BEGIN DATA SUPPLIED
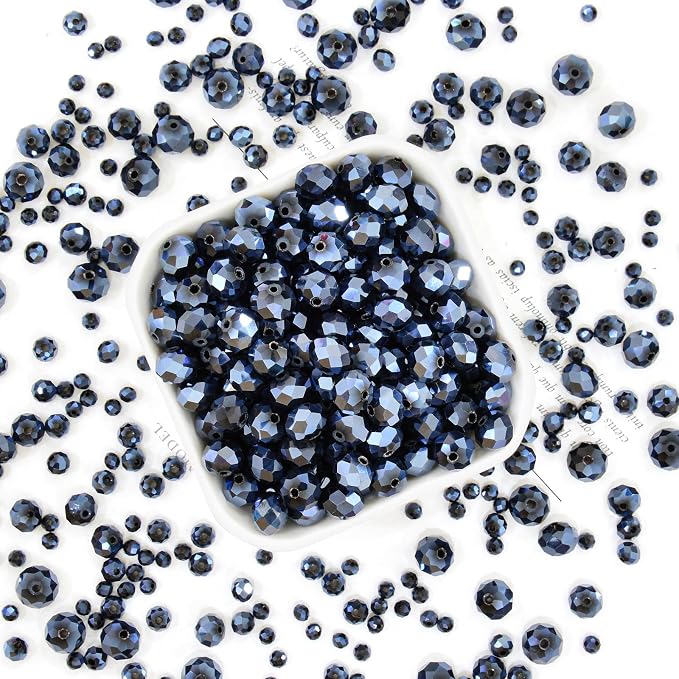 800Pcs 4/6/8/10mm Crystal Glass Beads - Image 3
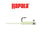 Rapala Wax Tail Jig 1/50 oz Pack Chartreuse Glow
END DATA SUPPLIED
BEGIN DATA SUPPLIED
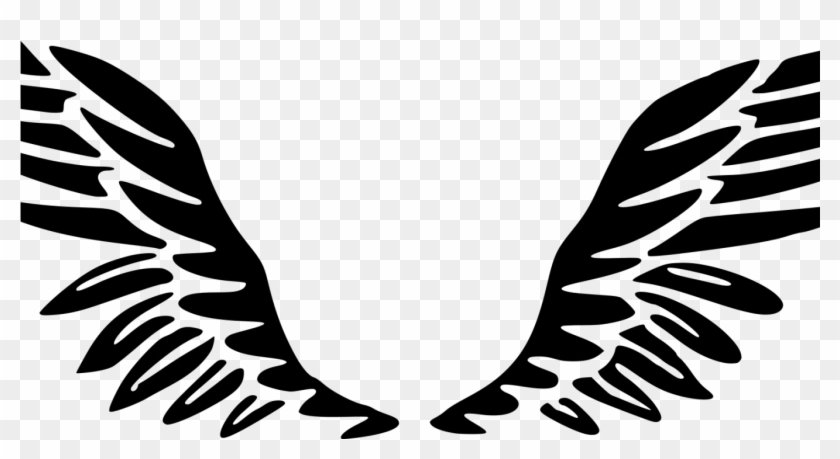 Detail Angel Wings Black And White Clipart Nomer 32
END DATA SUPPLIED
WHAT THE TASK ASKS:
To complete this exercise, transcribe exactly the lines above from the one that holds "800Pcs 4/6/8/10mm Crystal" through the one that holds "Rapala Wax Tail". Pictures stay out.

RESPONSE AREA:
 800Pcs 4/6/8/10mm Crystal Glass Beads - Image 3
 Rapala Wax Tail Jig 1/50 oz Pack Chartreuse Glow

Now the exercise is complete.